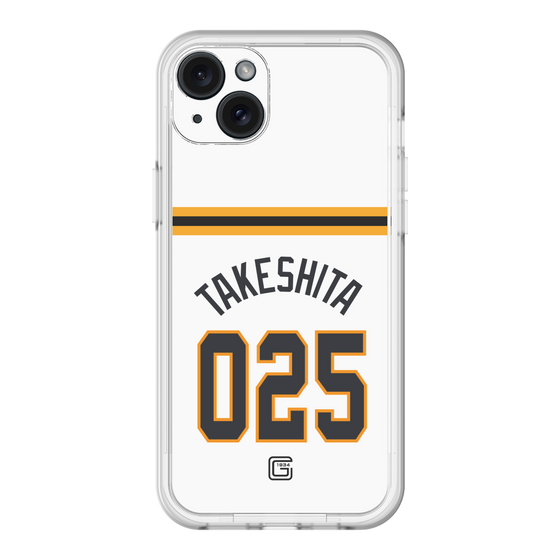スリムプロテクションプレミアムケース［ 読売ジャイアンツ - #025 TAKESHITA - ホーム ］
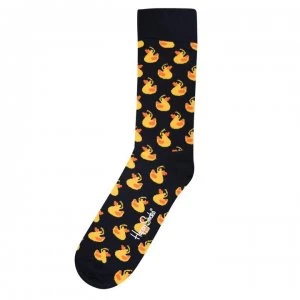 image of Happy Socks Happy Socks Rubber Duck Sock Mens - Navy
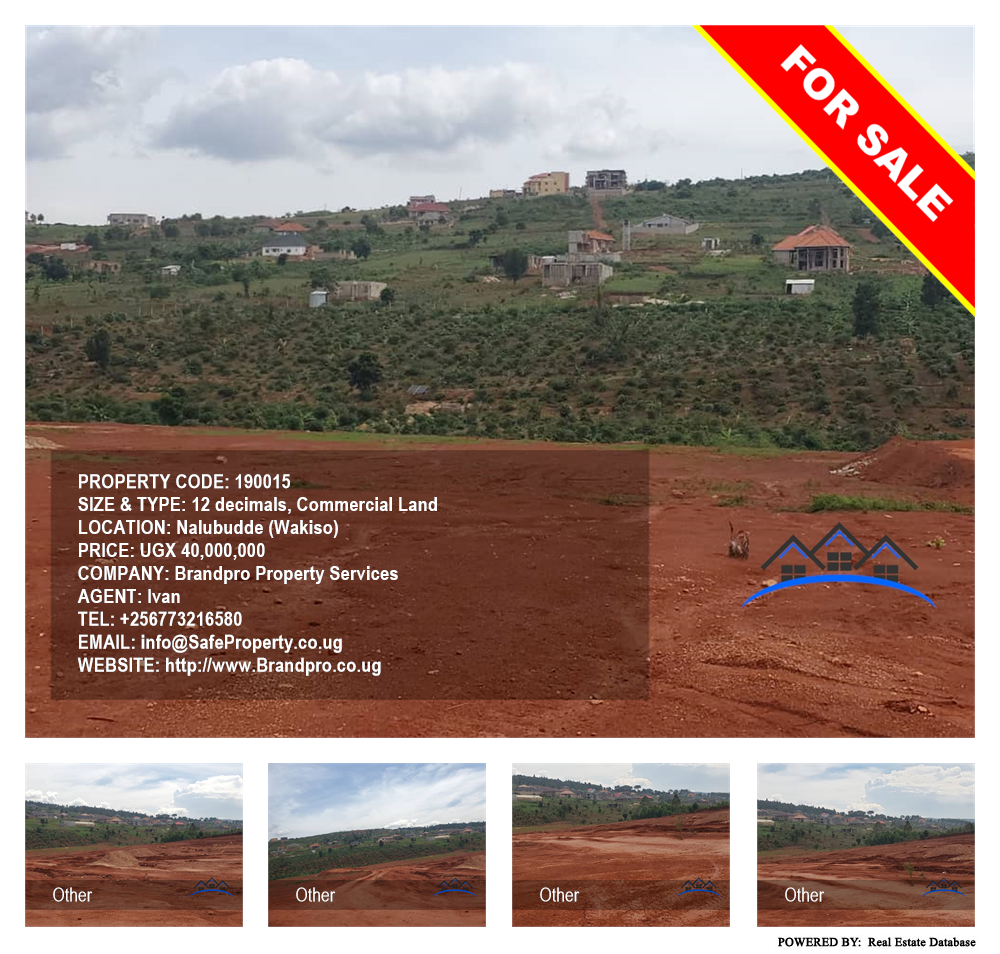 Commercial Land  for sale in Nalubudde Wakiso Uganda, code: 190015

» **Directions**: Each line of the data above must be reproduced as written. Skip the pictures.

» **Result**:
スリムプロテクションプレミアムケース［ 読売ジャイアンツ - #025 TAKESHITA - ホーム ］
 image of Happy Socks Happy Socks Rubber Duck Sock Mens - Navy
 Commercial Land  for sale in Nalubudde Wakiso Uganda, code: 190015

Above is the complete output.